Adult supervision required

God knows one should not kick a man when he's down, and no one is downer these days than the old-fashioned print journalist.

Still, it is hard to read even the old-fashioned New York Times these days without cringing at stories filled with slipshod and overheated writing, tone-deaf colloquialisms, and patently obvious questions left begging for answers and contradictions left unexplained.



I'm not talking about lapses in the kind of persnicketty points of grammar and usage that everyone loves to play gotcha discovering, and then arguing over ad nuaseam, and which are generously featured in the Times's own weekly roundup of mea culpas in its "After Deadline" blog (typical specimen: "There are many ways to go astray in using 'like,' and we are unfortunately familiar with all of them. Herewith a few new examples of the two most common missteps: using 'like' as a conjunction, which is colloquial at best; and using it (as a preposition) to compare things that are not grammatically or logically parallel . . . ").

I'm talking about entire stories that leave one wondering if the editors went out for a smoke and never came back, or perhaps were simply cut as a cost-saving measure along with free coffee for the employees.

A case in point was today's feature story about a town in Nebraska that chose to build a very large sign with the town's name on it. Aside from the remarkably condescending tone of the entire article towards what was described in the lead as "a blink-and-miss-it place called Hooper" (further helpful explanations about this quaint part of the country: "You pronounce Hooper not with a HOO, but with a kind of HUH"; "You can get your hair cut at Don’s barber shop, where the Farm Journal — or is that Playboy? — is made available"), the writing was almost comically bad in a way that left me wondering if it had been originally conceived as an entry in the Bad Hemingway Contest: a multiplicity of single-word sentences ("They feared being missed. Bypassed." "Unnoticed. Unknown.") and even one single-word paragraph: ("Still."); metaphors right out of Introduction to Creative Writing class ("The Lions Club, which donated the neon marquee, no longer roars"); and this expressive use of capitalization: "They resolved to erect a sign beside the bypass to remind people of Hooper. Not just a sign, but a SIGN."

Okay, we GET it.

Purple prose is as old as newsprint, of course; one of my colleagues at U.S. News used to regale us with stories of his city editor at a small paper where he had once worked, who would rewrite every crime story to include the phrases "a fusillade of bullets" and "even grizzled detectives blanched when they saw the body." (The editor had briefly been at the Hearst paper in Chicago, which apparently explained this.)

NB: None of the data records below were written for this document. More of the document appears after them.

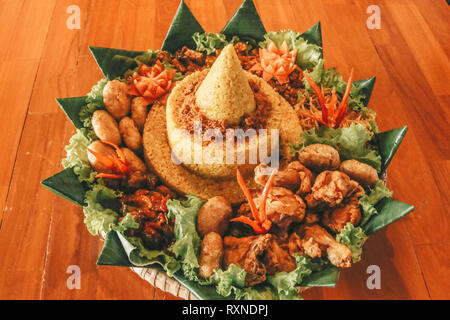 Traditionelle indonesische Küche Nasi Tumpeng zum Feiern. Stockfoto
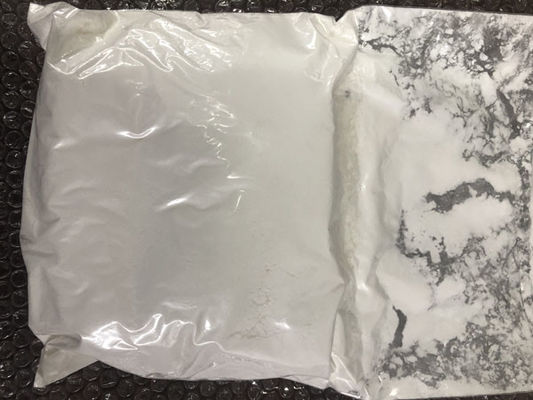 El óxido de cinc de ZNO pulveriza el material de revestimiento de goma formado tetrápodo de CAS 1314-13-2 de las barbas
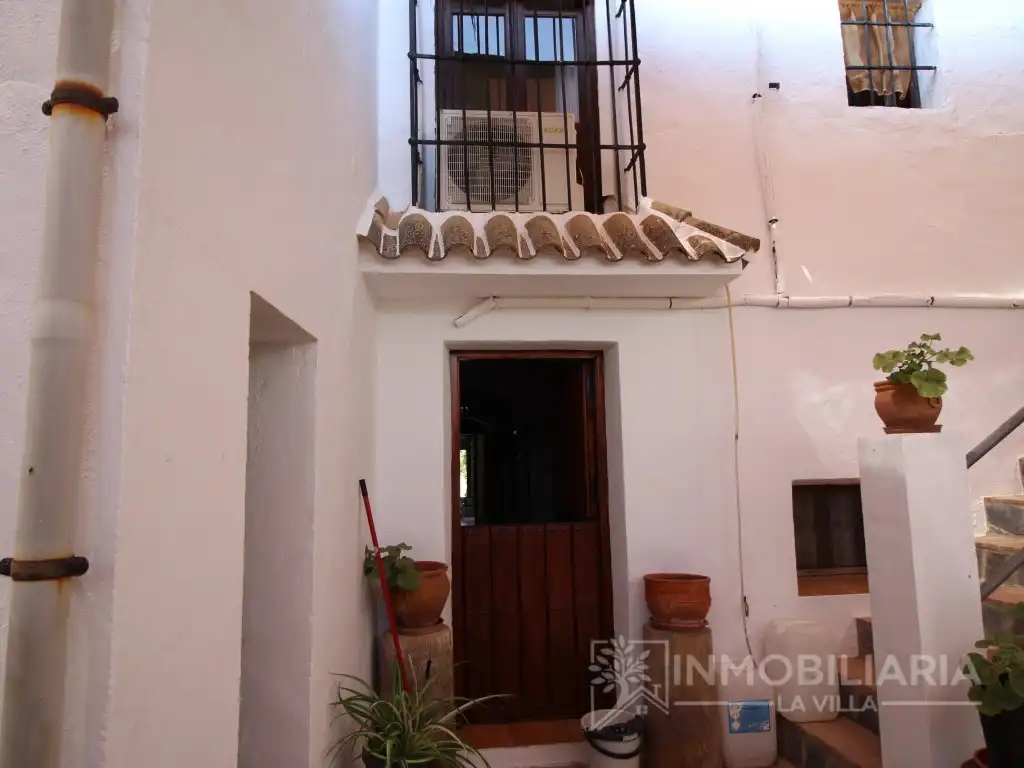 Vista exterior de Casa o xalet en venda en Álora amb Aire condicionat, Jardí privat i Terrassa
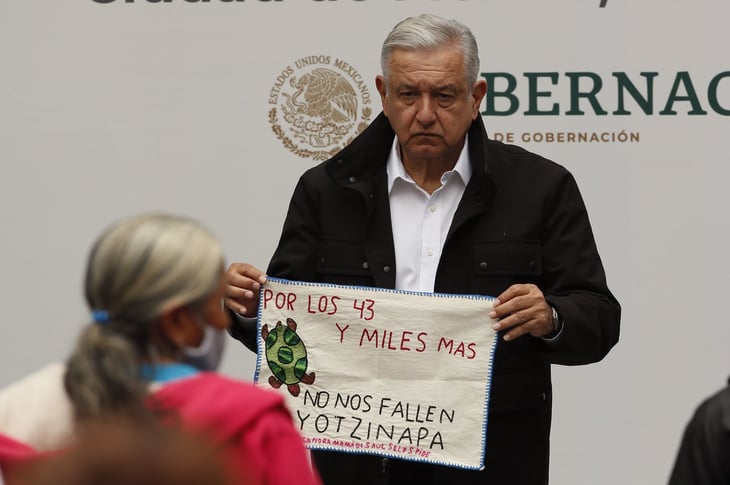 Anuncia AMLO órdenes de captura contra militares por caso Ayotzinapa
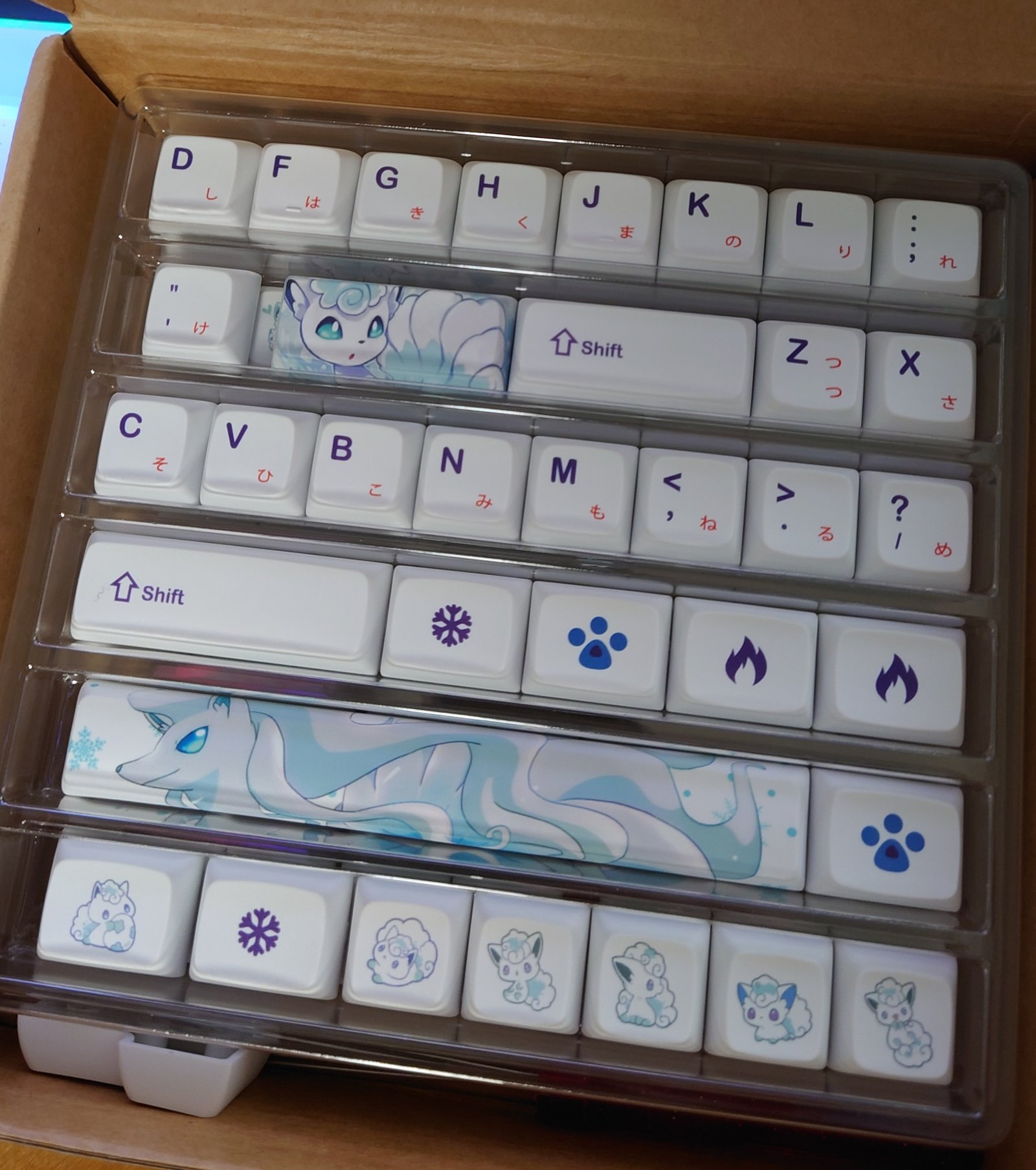 Ice Vulpix Pokemon Keycaps with Ninetales Alolan Design – A Touch of Gaming Style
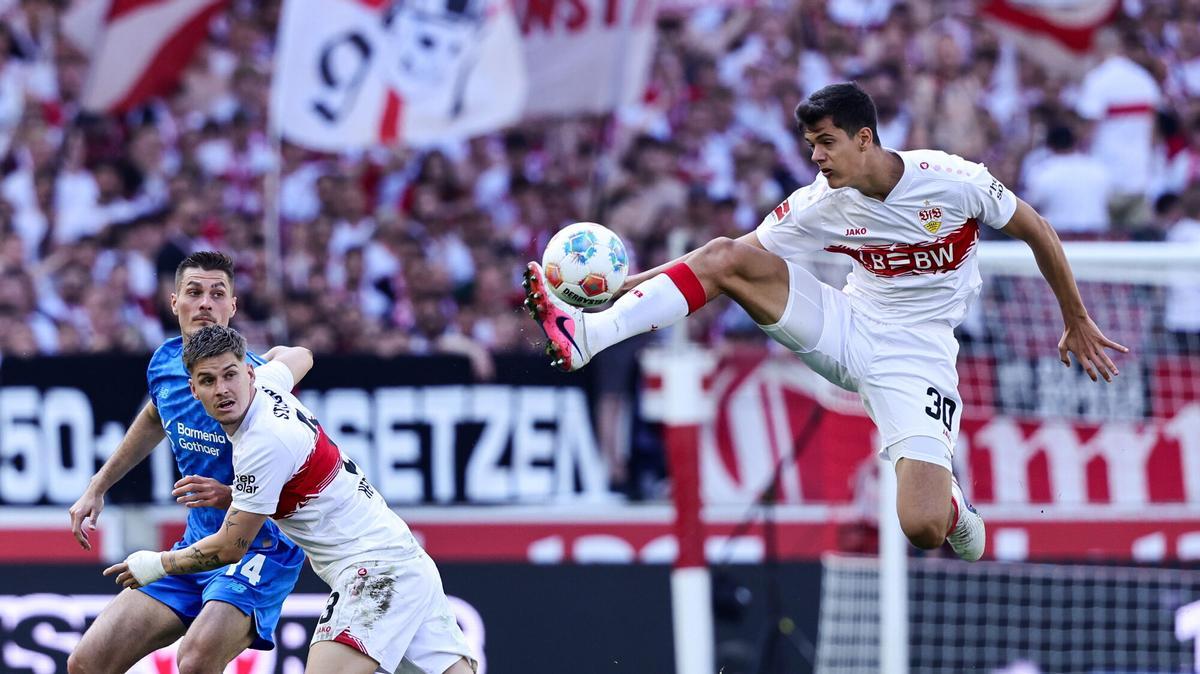 STUTTGART (Germany), 09/05/2026.- Chema Andres of Stuttgart in action during the German Bundesliga soccer match between VfB Stuttgart and Bayer 04 Leverkusen in Stuttgart, Germany, 09 May 2026. (Alemania) EFE/EPA/RONALD WITTEK CONDITIONS - ATTENTION: The DFL regulations prohibit any use of photographs as image sequences and/or quasi-video. CONDITIONS - ATTENTION: The DFL regulations prohibit any use of photographs as image sequences and/or quasi-video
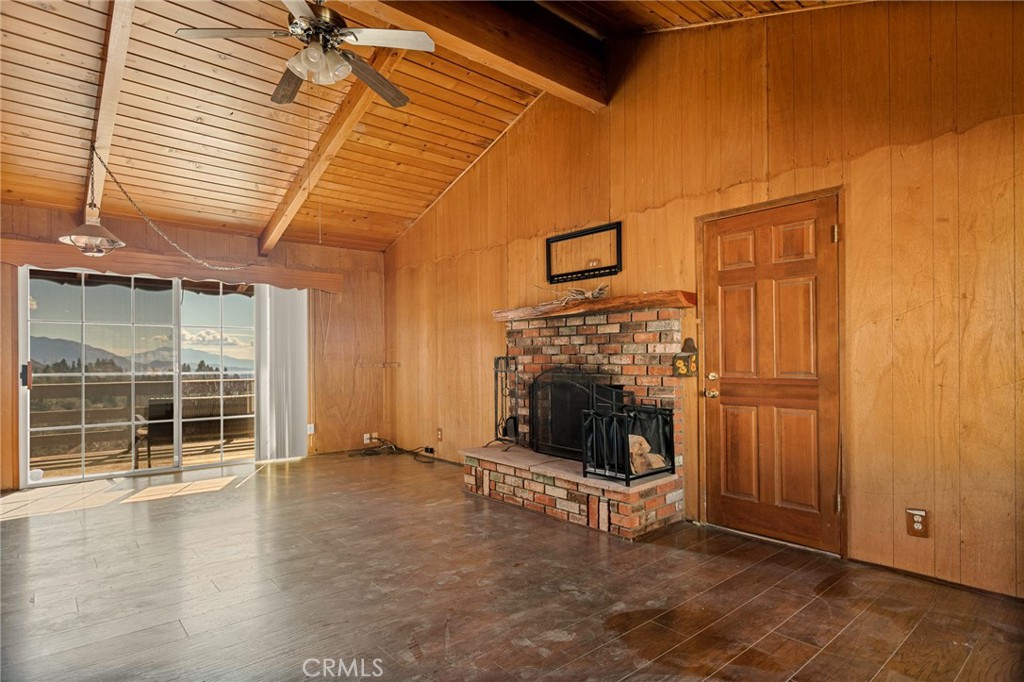 30509 Live Oak Property Photo 6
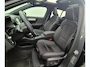 Volvo XC40 2.0 B3 Ultra Dark 19” Wielen - Panoramadak - Harman Kardon Audio - 360 Camera - R980 Interieur – Power seats met memory - Full led koplampen –Donkere hemel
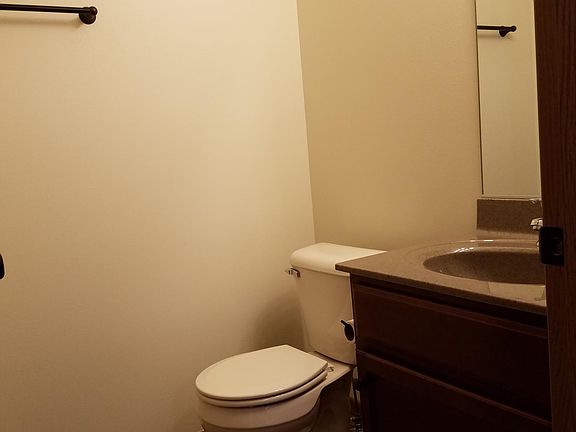 1/2 Bath off of Kitchen/Dining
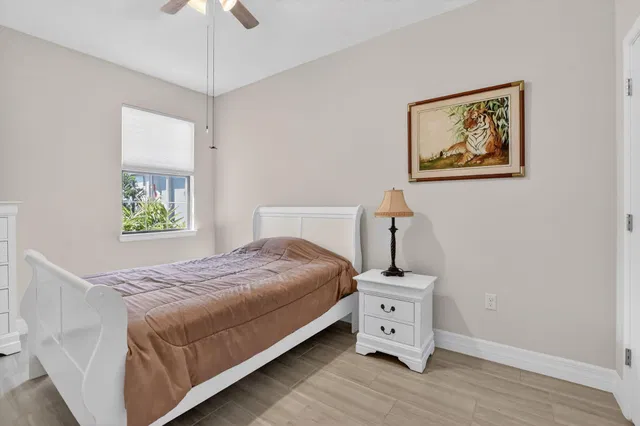 Residence photo 28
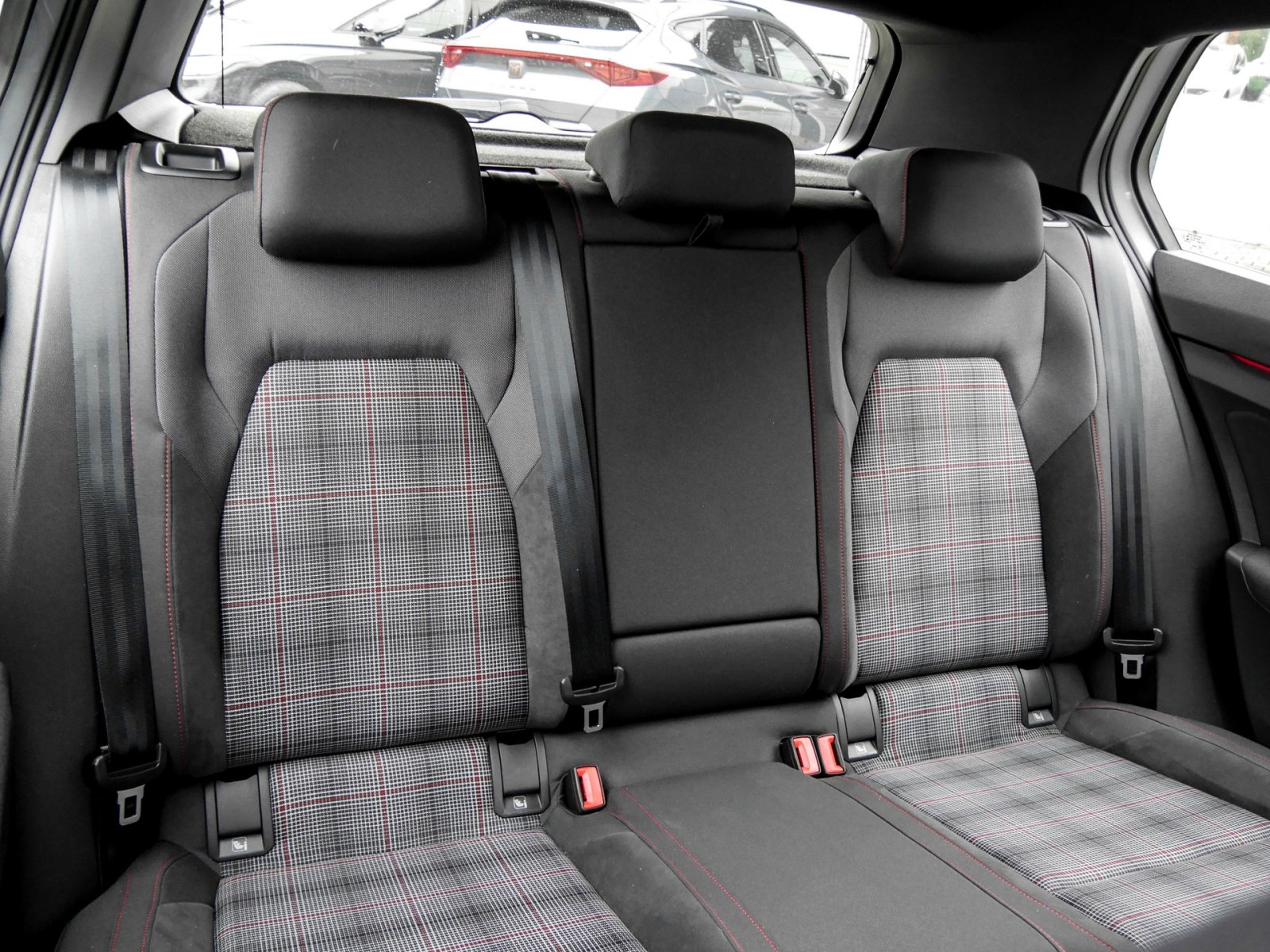 Volkswagen Golf VIII 2.0 GTI CAM ACC NAVI LM17 SITZHEIZUNG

And I'll never forget (as much as I try) the front-page series the Washington Post ran on Ted Kennedy in 1979 when I had just moved to D.C., one installment of which featured a lead which began (I'm relying on memory but it was either this or very close) "Chappaquiddick. The name thunders like the bass line of a Bach cantata." (Or yeah? Which one, buster?)

Still.

There's something of desperation in the overwritten prose that seems to be on the rise in the Times's feature writing these days (I wasn't aware until today's news analysis story on the history of liberal disillusionment with Democratic presidents, for example, that John F. Kennedy was a "hipster"). And don't even get me started on Sam Sifton's restaurant reviews ("It tastes of funky sophistication, illicit rides in late-night cabs . . .")

More worrying, though, there's something of distraction in the stories with leads buried two-thirds the way down floundering in convoluted explanations and crying out for one of those editors I used to know and love whose chief purpose was to help the reader but whose only slightly lesser purpose was to save writers from themselves. God knows they need it.